TASK TO COMPLETE >> When you retype the entries, keep each one exact and leave out the pictures.

☆ ☆ ☆ ☆ ☆ ☆ ☆

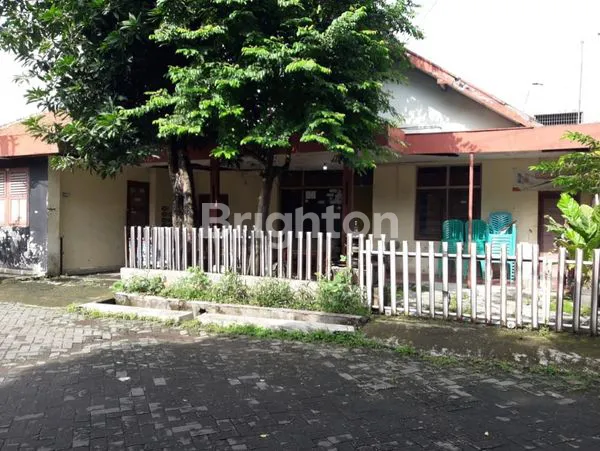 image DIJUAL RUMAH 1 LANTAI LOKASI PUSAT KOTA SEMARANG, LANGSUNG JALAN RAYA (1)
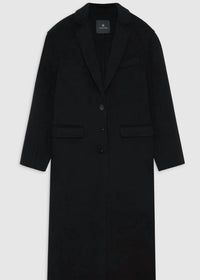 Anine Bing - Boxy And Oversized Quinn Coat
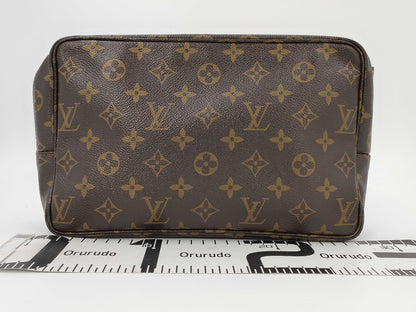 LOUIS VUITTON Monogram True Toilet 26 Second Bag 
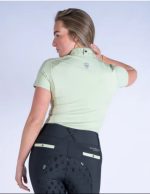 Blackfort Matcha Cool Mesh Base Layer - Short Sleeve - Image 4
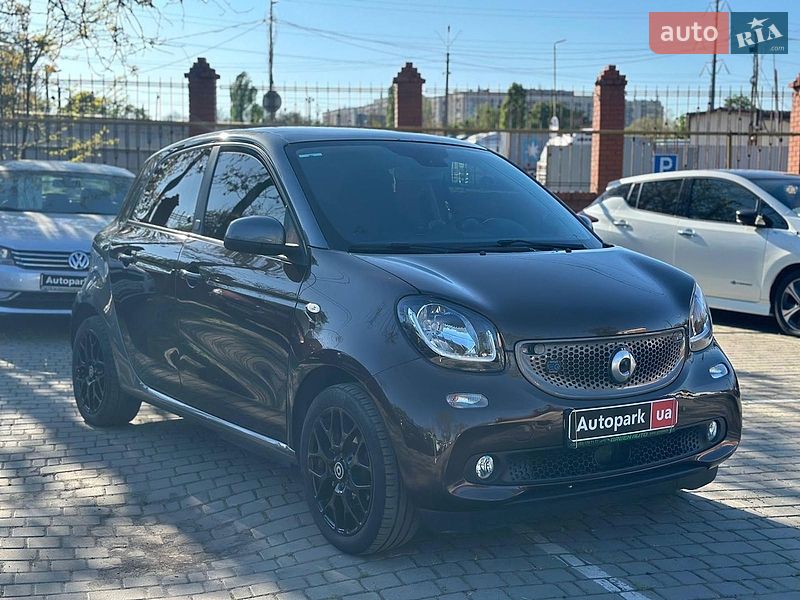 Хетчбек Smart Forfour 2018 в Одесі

☆ ☆ ☆ ☆ ☆ ☆ ☆

EXERCISE ANSWER >>
 image DIJUAL RUMAH 1 LANTAI LOKASI PUSAT KOTA SEMARANG, LANGSUNG JALAN RAYA (1)
 Anine Bing - Boxy And Oversized Quinn Coat
 LOUIS VUITTON Monogram True Toilet 26 Second Bag 
 Blackfort Matcha Cool Mesh Base Layer - Short Sleeve - Image 4
 Хетчбек Smart Forfour 2018 в Одесі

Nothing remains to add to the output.